日本でもチルウェイブの芽が確実に育っていることを証明する一枚になりそうだ。
彼女の名はCanopies and Drapesと言い、エイミー・ザ・グレイトの曲から名付けられたそうだ。
僕はそのことをPSHANDYというブログで知り、一聴しただけで衝撃を受けた。
一聴した印象では、DOMやMGMTの初期EPを思わせる『Love Always Remains』のようなシンセポップなのかと思った。
しかし縁あって先日ライブに行った際、もっとリアルにどういう音なのか体感することが出来た。
彼女のライブからは初期MGMTに通ずるカラフルなサイケデリアと、Washed outのベッドルームからダンスフロアへ緩やかに移行する甘いシンセが共存していた。
彼女の最大の魅力は過去の素晴らしい遺産を自らに落とし込んで、新たに解釈を付け加えるセンスというかその編集能力にあるのだろう。

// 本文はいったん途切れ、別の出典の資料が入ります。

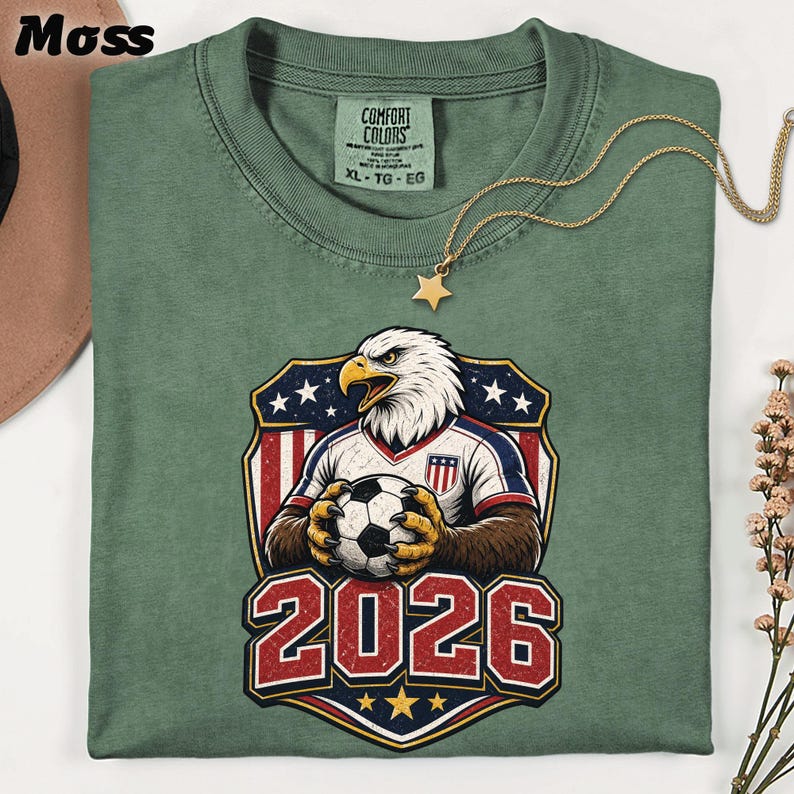 USA Soccer 2026 T-Shirt, American Eagle Patriotic Football Fan Tee, Distressed USMNT Gift Bild 3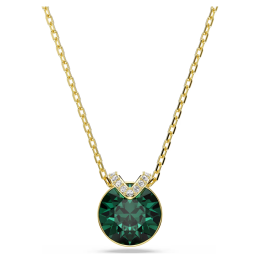 Collier Swarovski Bella V, Taille ronde, Vert, Doré à l’or 18 carats (750/1000), 5735387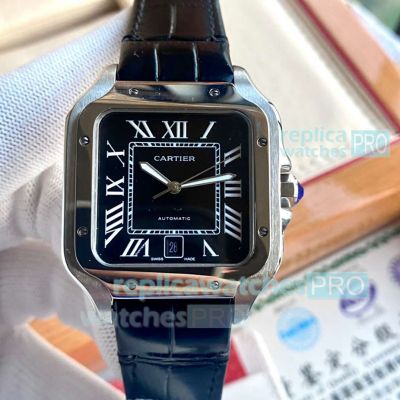 Knockoff Cartier Santos de Cartier Quartz Watches 39mm Ss Black Dial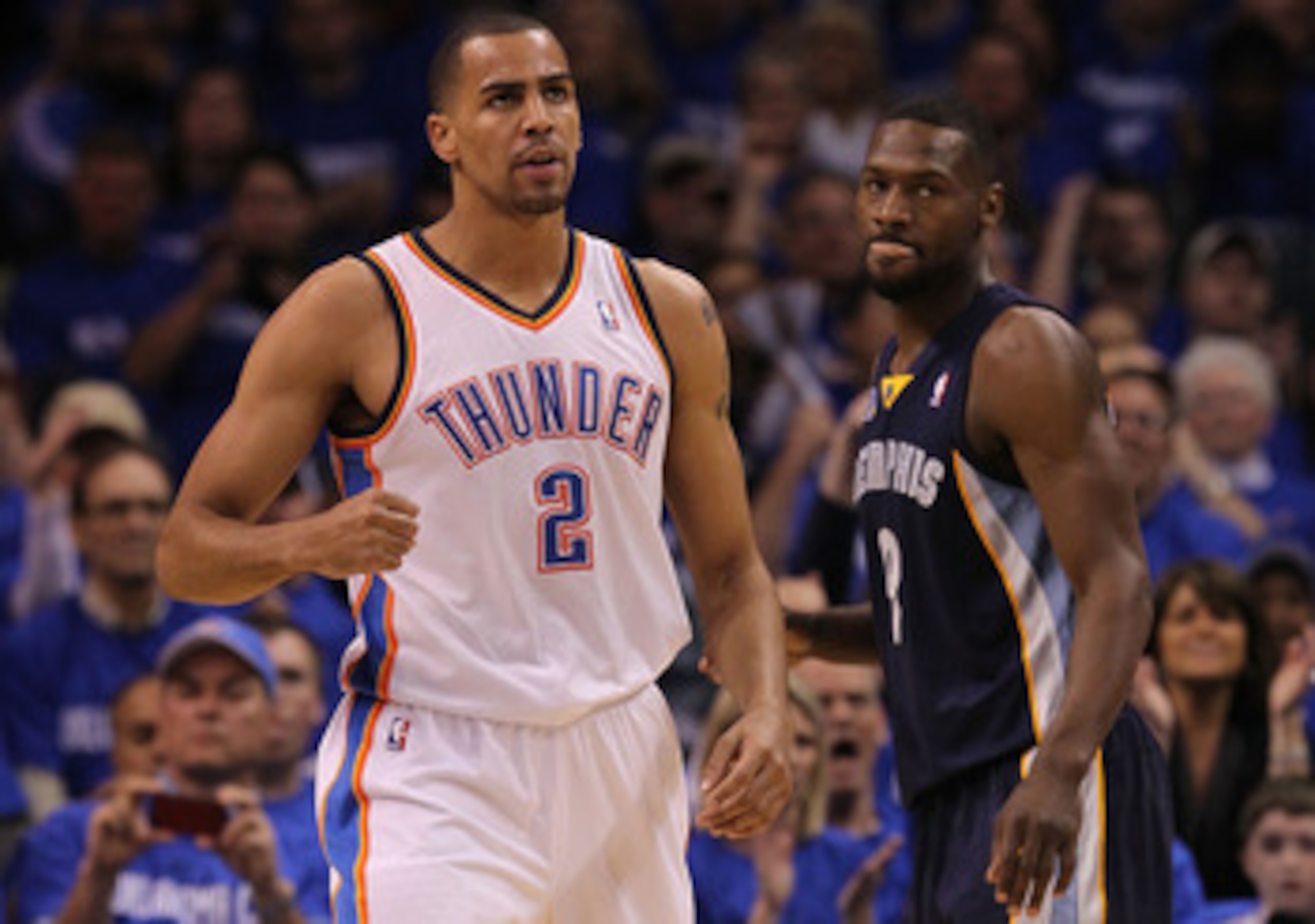 OKLAHOMA CITY, OK - MAY 01:  Guard Thabo Sefolosha #2 of the Okalhoma City Thunder reacts in front of Tony Allen #9 of the Memphis Grizzlies in Game One of the Western Conference Semifinals in the 2011 NBA Playoffs on May 1, 2011 at Oklahoma City Arena in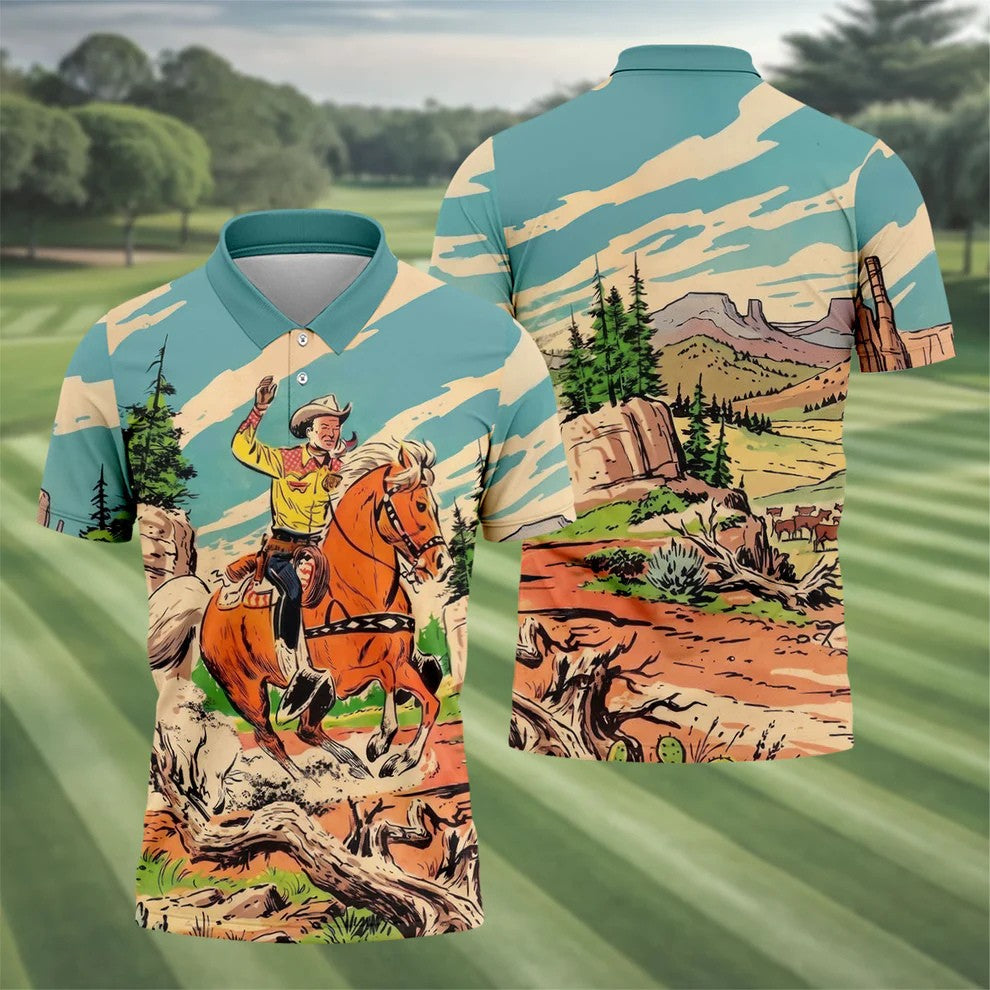 Vintage Cowboy Horse Riding Golf Polo Shirt, Mens Golf Polo, Golf Apparel For Men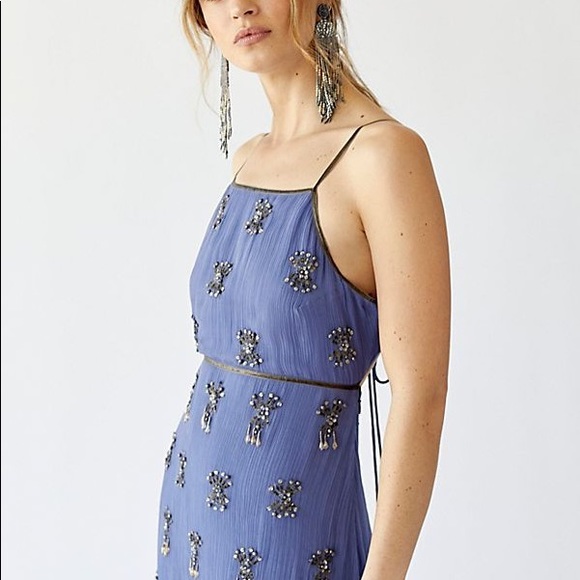 Free People Beaded Open Back Maxi Dress Size 0 XS - Picture 3 of 10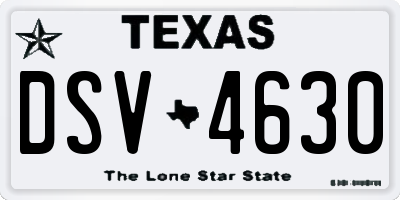 TX license plate DSV4630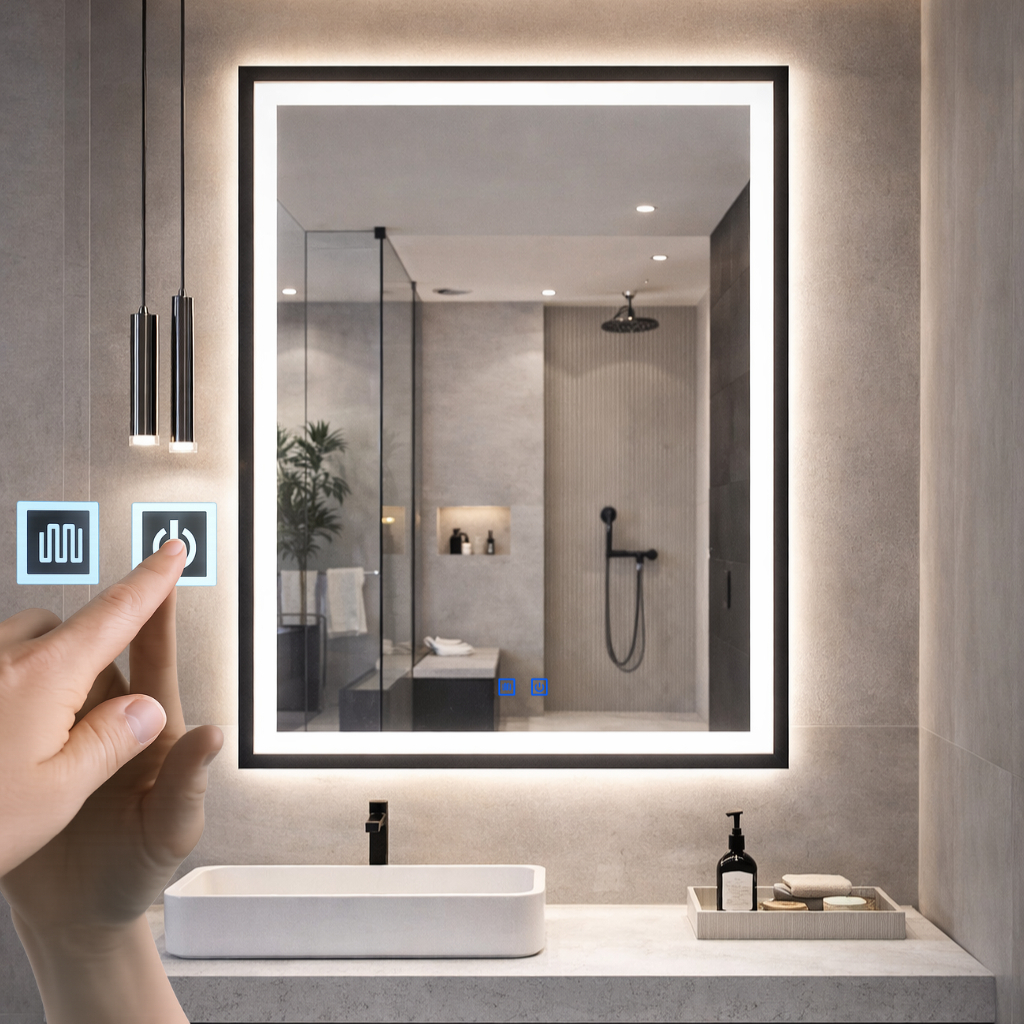 Espelho Led Para Banheiro Touch 3 Cores de Luz Com Desembaçador e Display Digital 80x60 cm Bivolt
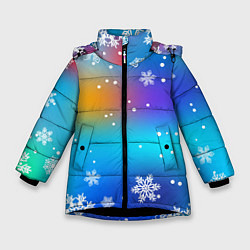 Куртка зимняя для девочки Снегопад на Новый год, цвет: 3D-черный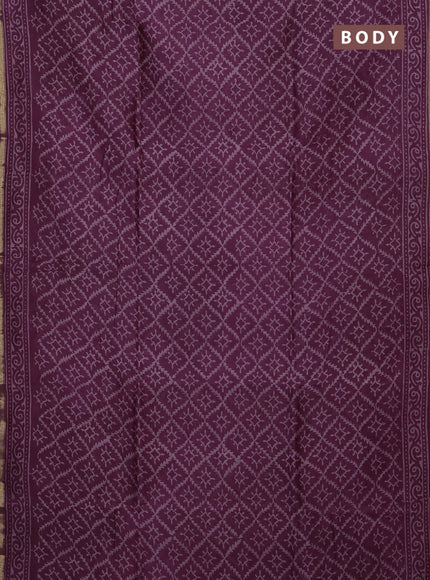 Wine Chanderi Bagru Saree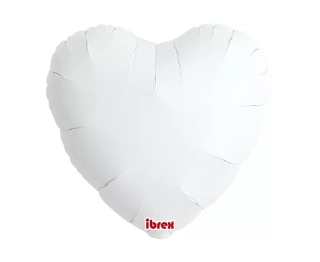 Fóliový balónek srdce, bílý, 14"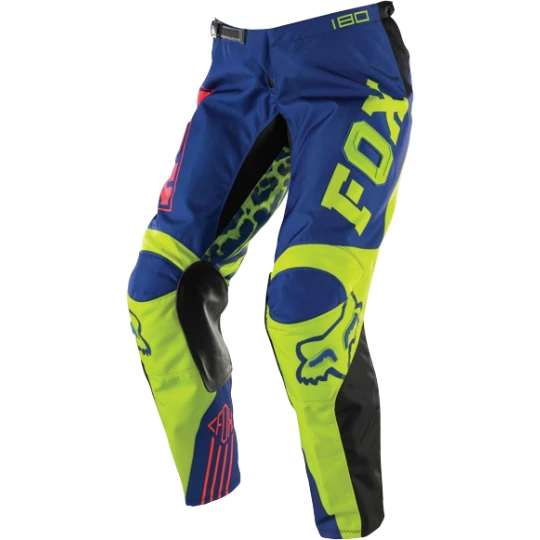 Fox Racing 180 мотоштаны женские, черно-сине-салатовый
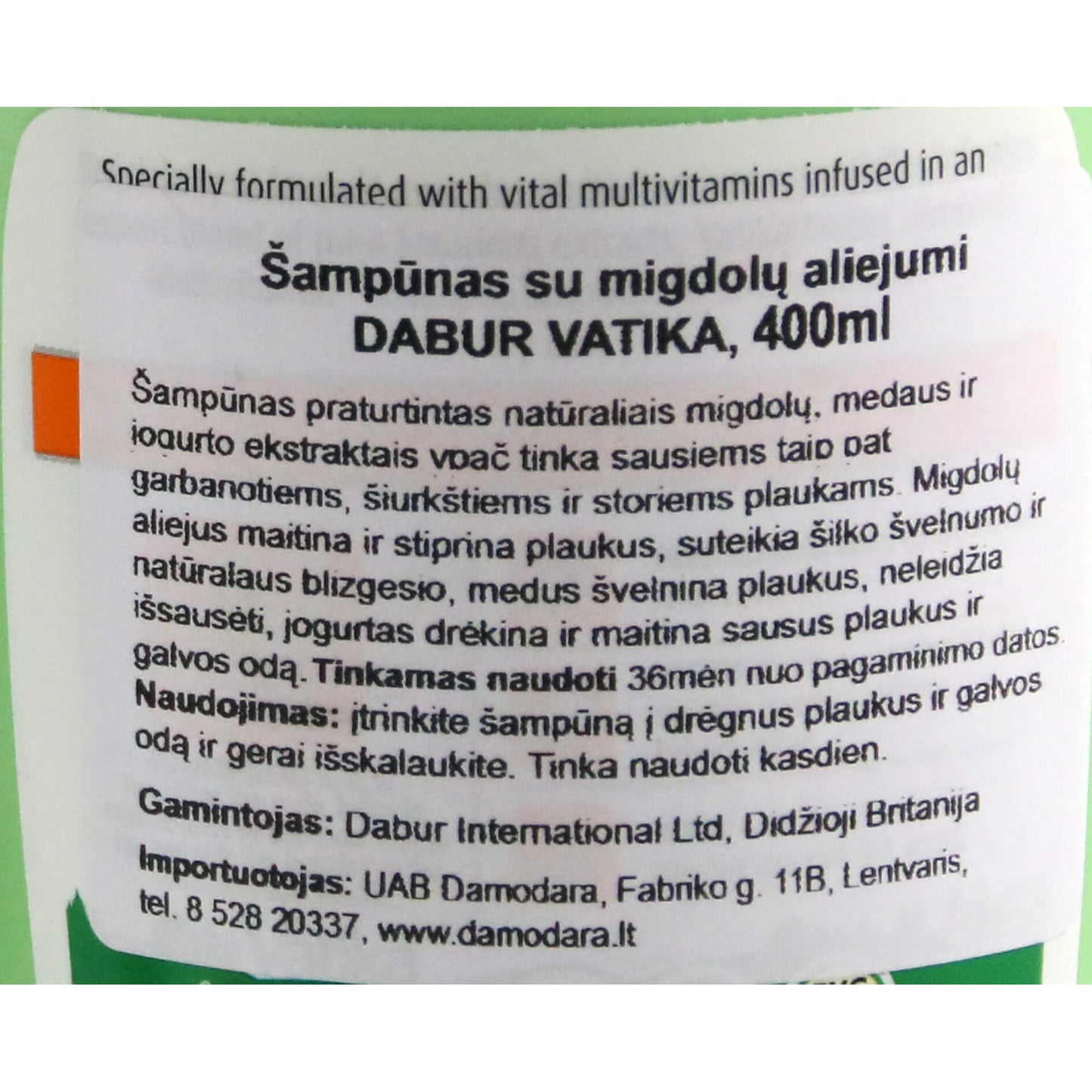 Аюрведический натуральный шампунь Vatika Sweet Almond 400ml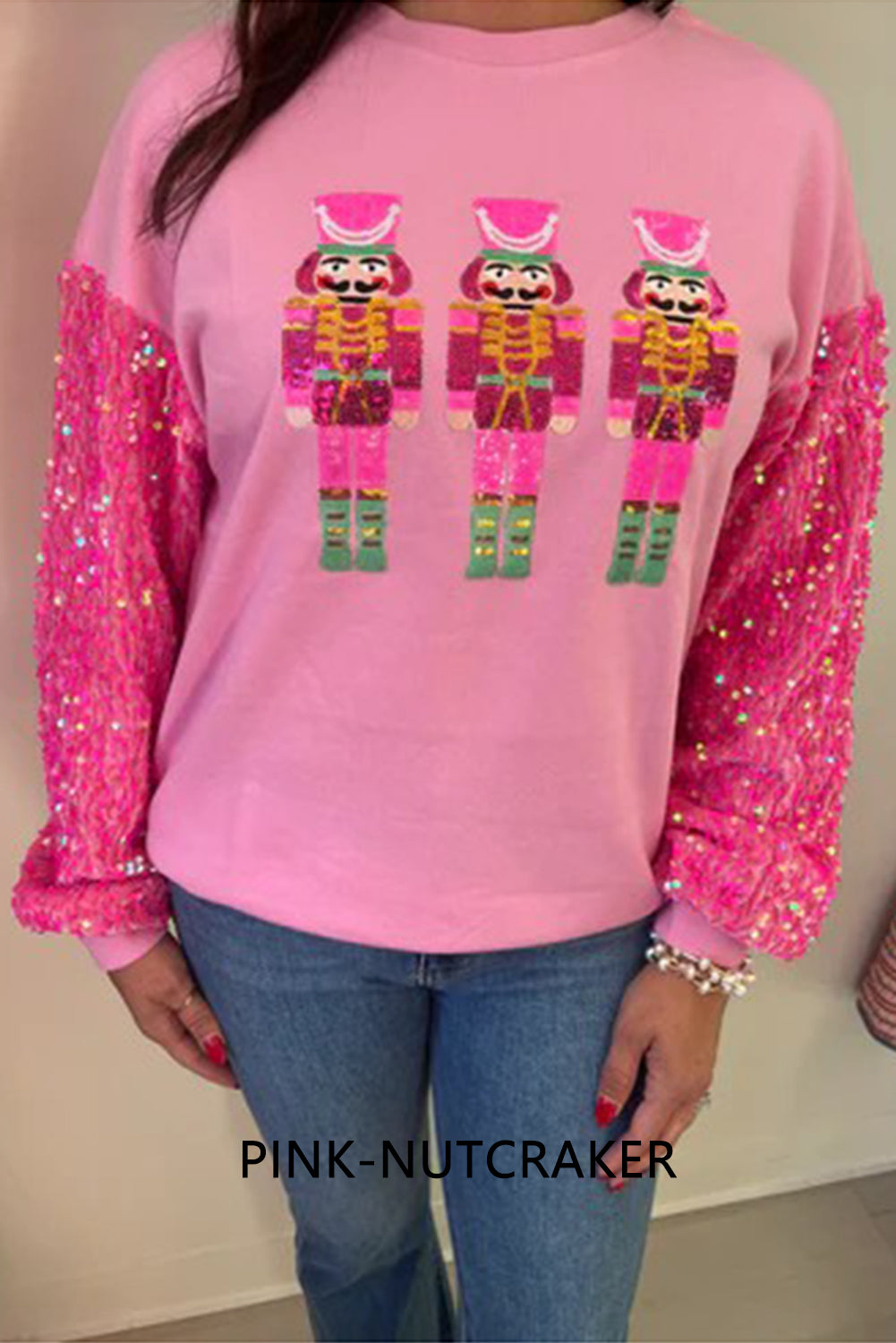 Wholesale 5 colors  Christmas Sequin long sleeve Nutcracker blouse WL010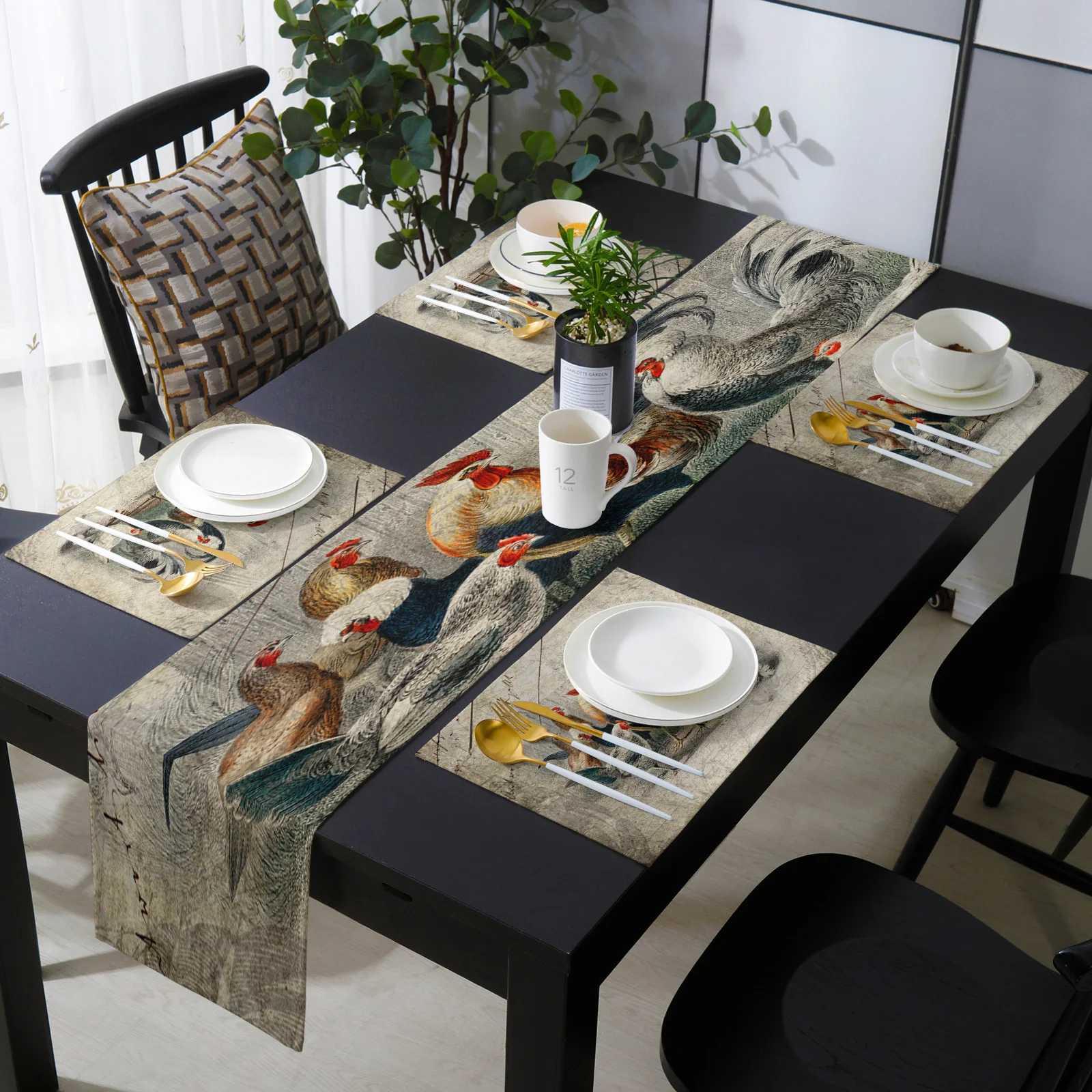 Chicken’s & Rooster placemats set of 4 Table Decor Table Linens Kitchen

色んな音楽からずるいほど美味しいとこ取りしているのだ。
CDをよくよく聴きこむと、先に挙げた以外にも初期マイブラ、ライド、などの90年代のバンドの名が挙げられそうなシューゲイザーギターポップの曲すらあったほどだ。
そして彼女の最大の伸びしろはボーカルにあると思う。
WHY DON’T YOU KILL ME ?という音楽ブログには『スタイリッシュなゼロ年代から歌に向かうテン年代へ』というものがあったが、僕もまさにその通りだと思っている。
Washed outはまさにテン年代の要請に答えているように、サウンドとボーカルが高い次元で結実していた。
Canopies and Drapesがそういうアーティストと肩を並べるにはボーカルが最大の伸びしろになるように思う。
それでも日本からこのような才能が発掘されたと言うことは、日本のインディー界隈にも大きな期待が持てるだろう。